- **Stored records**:
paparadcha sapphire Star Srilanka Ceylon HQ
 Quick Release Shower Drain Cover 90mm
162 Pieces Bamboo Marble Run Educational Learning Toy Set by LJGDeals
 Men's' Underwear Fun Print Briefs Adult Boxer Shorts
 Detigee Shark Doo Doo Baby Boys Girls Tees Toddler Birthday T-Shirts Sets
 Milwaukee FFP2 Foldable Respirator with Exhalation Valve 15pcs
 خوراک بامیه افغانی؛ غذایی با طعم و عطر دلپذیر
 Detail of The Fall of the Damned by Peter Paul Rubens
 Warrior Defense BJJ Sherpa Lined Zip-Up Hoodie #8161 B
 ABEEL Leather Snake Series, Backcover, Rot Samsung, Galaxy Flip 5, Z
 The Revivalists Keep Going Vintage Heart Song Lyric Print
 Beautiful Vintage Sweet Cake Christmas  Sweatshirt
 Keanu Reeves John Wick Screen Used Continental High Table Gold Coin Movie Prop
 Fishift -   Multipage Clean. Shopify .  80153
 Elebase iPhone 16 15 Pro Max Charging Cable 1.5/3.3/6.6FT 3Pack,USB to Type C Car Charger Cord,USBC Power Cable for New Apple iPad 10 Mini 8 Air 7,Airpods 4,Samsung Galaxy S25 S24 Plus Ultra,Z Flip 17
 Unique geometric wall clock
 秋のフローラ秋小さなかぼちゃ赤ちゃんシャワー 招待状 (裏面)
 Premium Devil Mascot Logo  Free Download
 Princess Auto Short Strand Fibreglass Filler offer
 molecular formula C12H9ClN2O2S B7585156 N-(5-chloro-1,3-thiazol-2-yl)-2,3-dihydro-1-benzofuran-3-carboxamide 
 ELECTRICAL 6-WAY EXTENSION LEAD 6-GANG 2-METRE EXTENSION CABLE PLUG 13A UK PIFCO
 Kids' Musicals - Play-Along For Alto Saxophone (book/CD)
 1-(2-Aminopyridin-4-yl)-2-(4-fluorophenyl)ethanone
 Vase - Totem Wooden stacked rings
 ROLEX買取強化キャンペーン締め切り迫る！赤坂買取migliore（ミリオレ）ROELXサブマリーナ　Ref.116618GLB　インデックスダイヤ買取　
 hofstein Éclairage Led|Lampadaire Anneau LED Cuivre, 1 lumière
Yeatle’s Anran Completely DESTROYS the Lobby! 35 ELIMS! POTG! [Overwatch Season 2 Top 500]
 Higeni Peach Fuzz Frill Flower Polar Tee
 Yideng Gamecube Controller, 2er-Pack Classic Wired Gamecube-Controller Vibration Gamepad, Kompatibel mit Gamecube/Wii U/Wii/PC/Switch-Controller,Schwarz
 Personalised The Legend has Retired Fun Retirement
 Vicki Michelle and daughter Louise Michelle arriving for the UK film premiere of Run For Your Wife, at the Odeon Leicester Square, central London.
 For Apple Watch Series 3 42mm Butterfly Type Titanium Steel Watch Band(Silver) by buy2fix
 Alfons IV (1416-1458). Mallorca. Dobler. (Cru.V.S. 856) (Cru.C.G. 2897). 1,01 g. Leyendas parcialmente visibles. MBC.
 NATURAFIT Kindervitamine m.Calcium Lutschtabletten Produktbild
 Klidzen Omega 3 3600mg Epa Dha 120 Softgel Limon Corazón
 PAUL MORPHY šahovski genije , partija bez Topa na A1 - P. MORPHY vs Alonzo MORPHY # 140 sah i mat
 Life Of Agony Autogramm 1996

- **YOUR TASK**: Tally each line in the data that holds the word "Flip"; write only the total.

- **RESPONSE BOX**: 2